Thursday, May 05, 2011

Split

SplitSplit Swati Avasthi

Jace's driven through the night, across the country, with blood on his face to reach his brother's doorstep, hoping his brother will take him in.

Jace's father is physically abusive. Jace grew up watching his dad beat the hell out of his mom and older brother. Then Christian disappeared and Jace's father started coming for Jace. Now he's kicked Jace out and he's on his way to find the brother who got out and left him there.

While this book explores how one does or does not escape an abusive situation, what it really focuses on is what happens next. How do you deal with the emotional and physical scars? How do you move on with life knowing that people you love are left behind? How can you get them out? Can you?

First off, Jace's dad is a judge.

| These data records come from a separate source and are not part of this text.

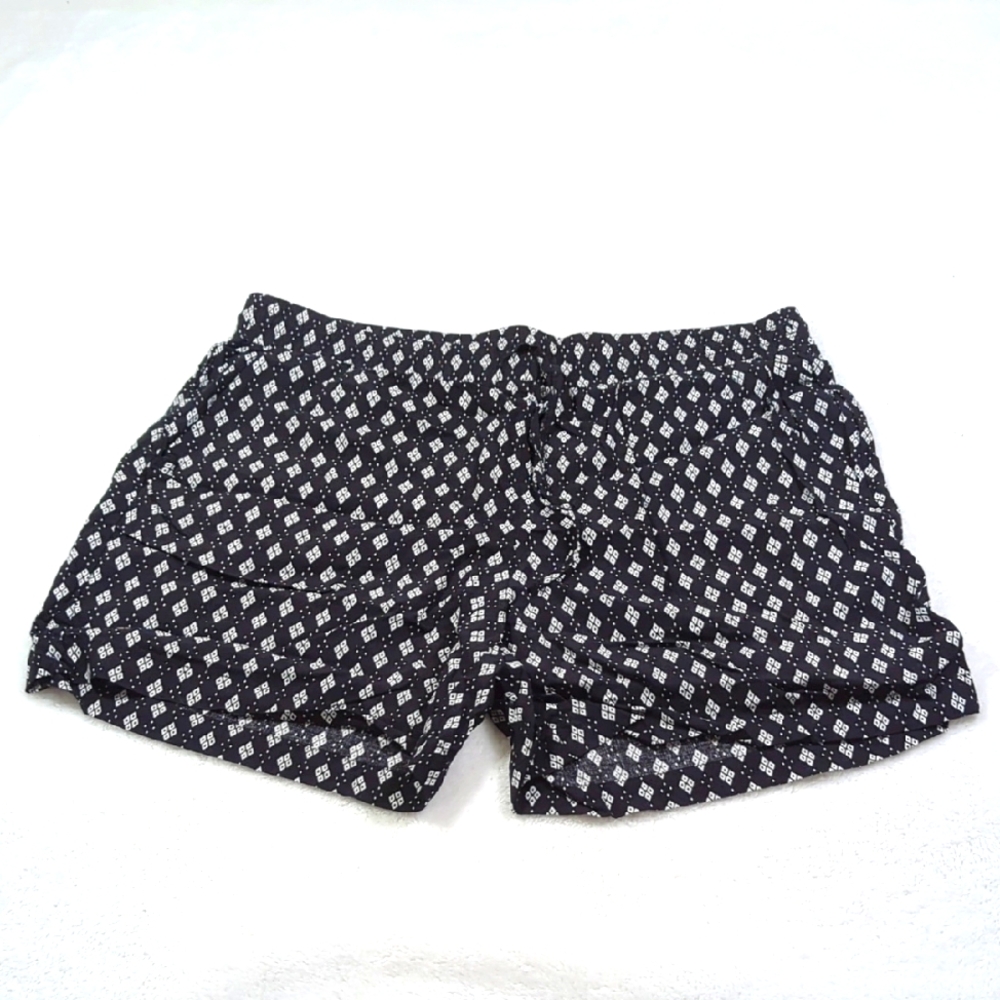 Dept. 222 Black & White Shorts Petite M EUC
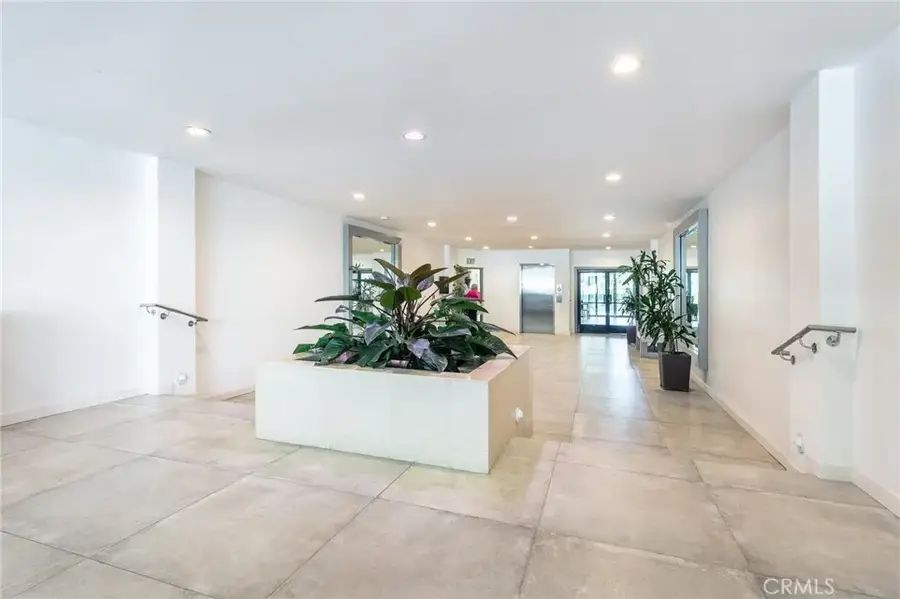 9000 Cynthia St #306, West Hollywood, CA 90069 - #2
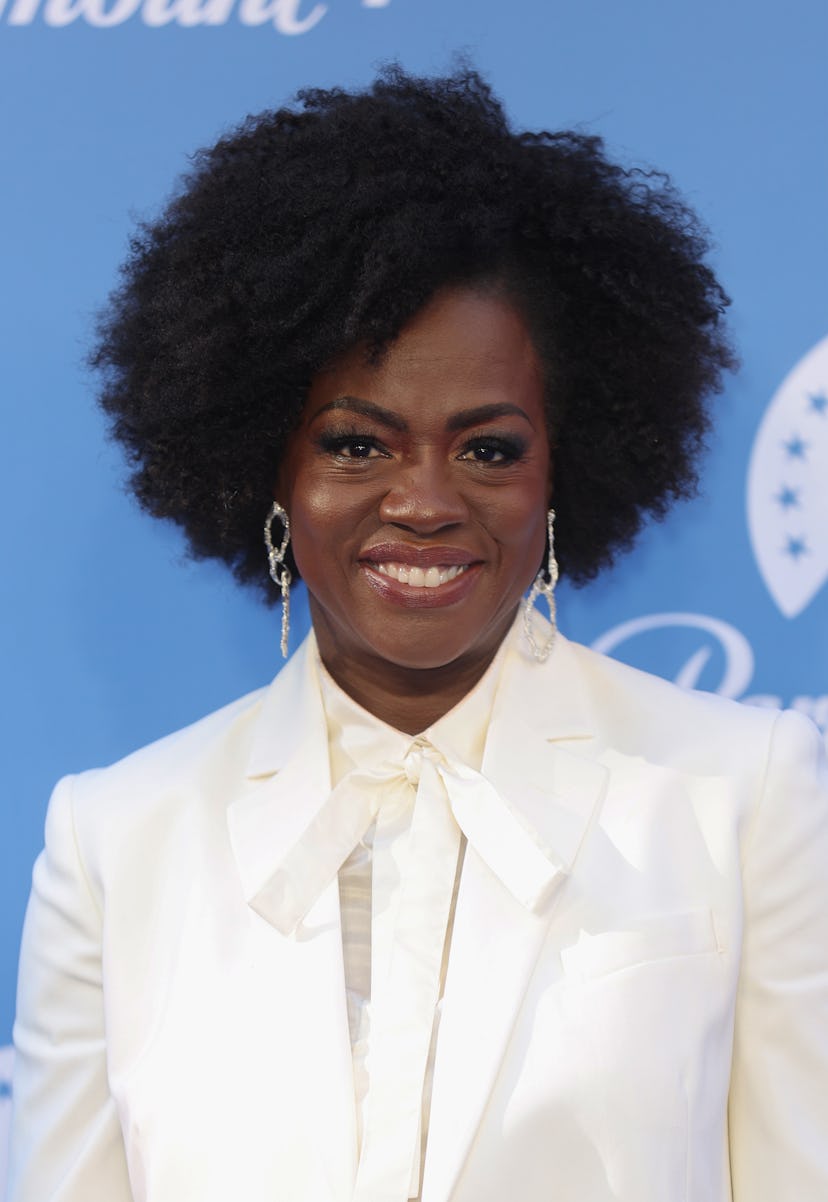 Viola Davis styles her short natural hair in a defined afro the Launch of Paramount+ UK. 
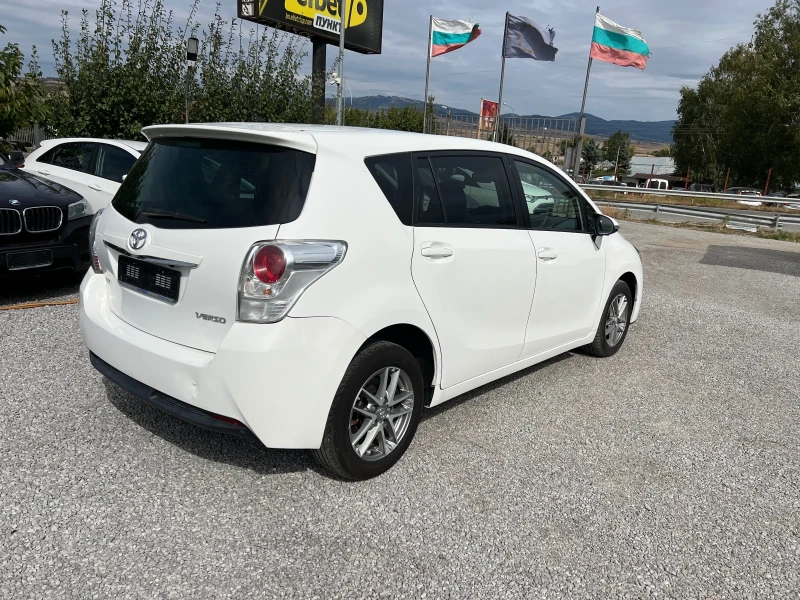 Toyota Verso 1.6D4D Euro6 kamera, снимка 6 - Автомобили и джипове - 51909085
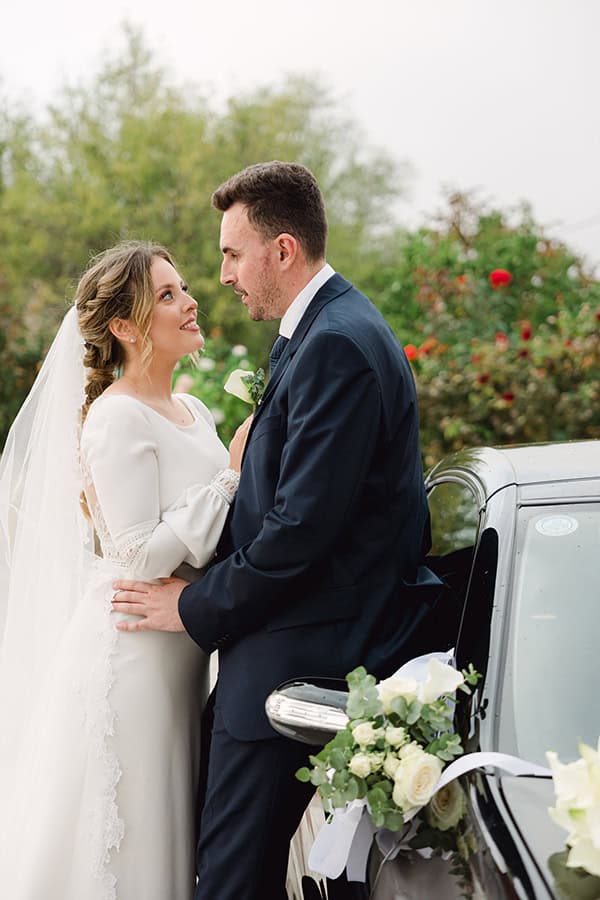 romantic-fall-wedding-kefalonia-white-callas-orchids_02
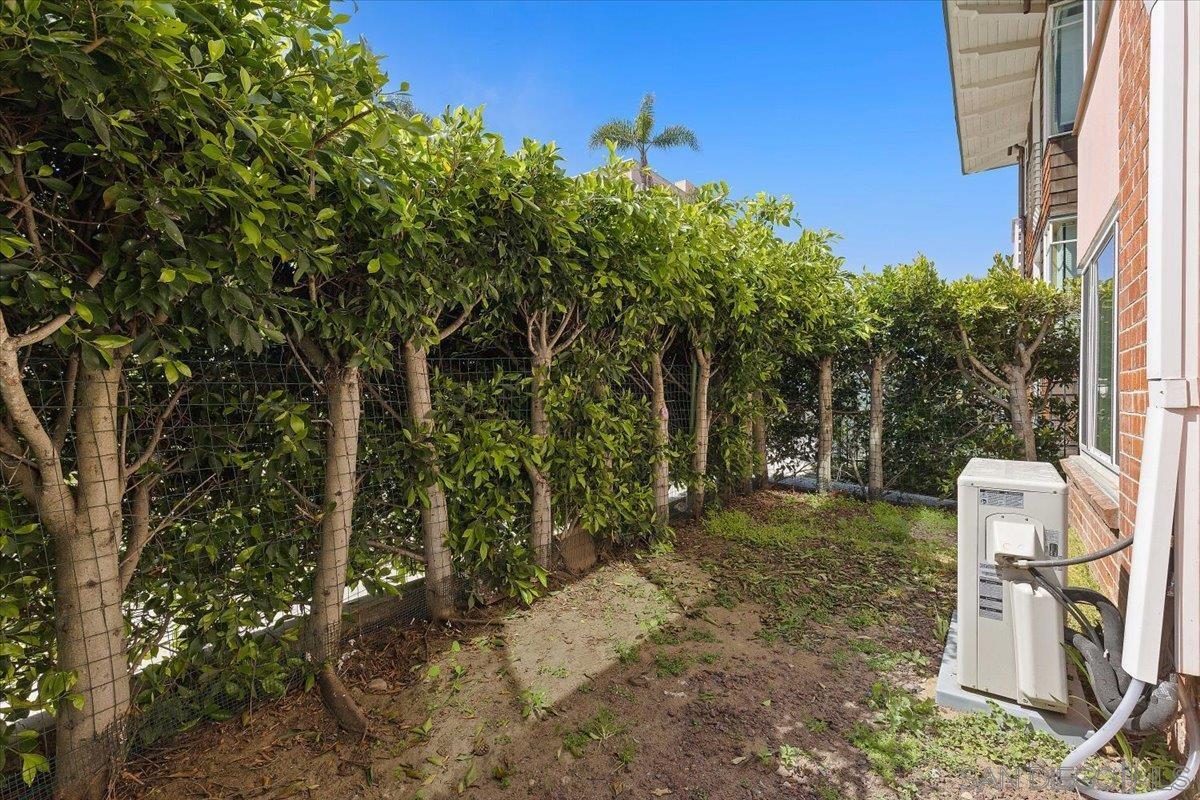 Detail Gallery Image 11 of 36 For 8040  Girard Ave  #1,  La Jolla,  CA 92037 - 2 Beds | 1 Baths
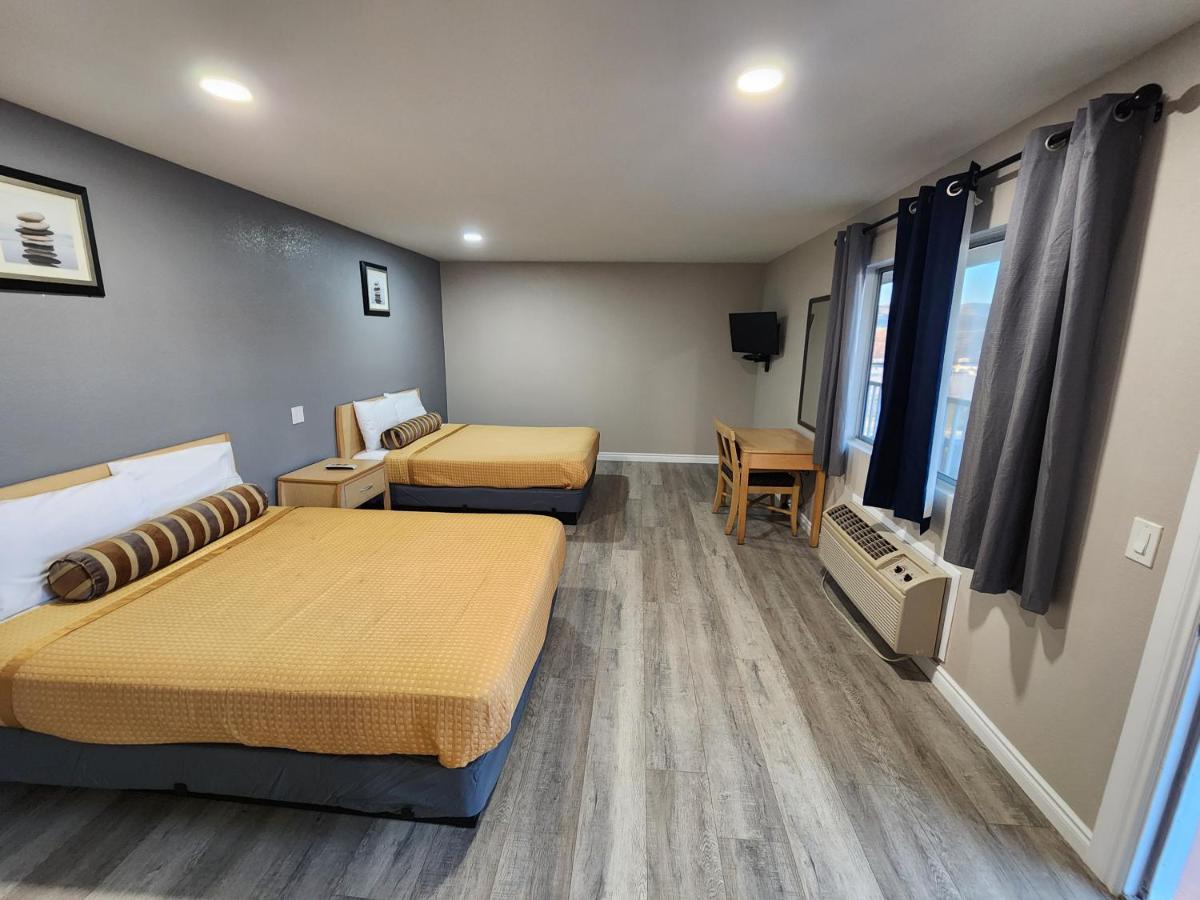 Star Inn On Route 66, Barstow - Housity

Major props for making this about a rich family. So often books with problems like abuse or drinking feature characters in a lower socio-economic class. Because they're poor people problems. (Ugh.)

This is a brutal book. Avasthi doesn't spare us the details of the beatings and more. Jace and Christian are broken. Their relationship is broken, and there are times when you don't think that they or their relationship can ever heal.

That said, I couldn't put it down. It's powerful and moving, but plot-wise it also moves really well as it shifts between Jace's life with Christian and flashbacks to Jace's life with his parents.

I wasn't sure about reading this one. It got RAVE reviews, yes, but I knew it was going to be a brutal book and a major downer just from the plot descriptions. And, of course, the better written a book is, the more brutal it's going to be, right? Or at least the more it's going to get to you. But, we were discussing Cybil's winners at book club (this won for YA fiction) AND we put it on the teen notable list for the in-system training I'm co-coordinating so I had to read it. I couldn't put it down. It's just that good. The pacing is impeccable and it moves really quickly, even more so when you consider that it's a book driven by character growth, not plot. Amazing, amazing work.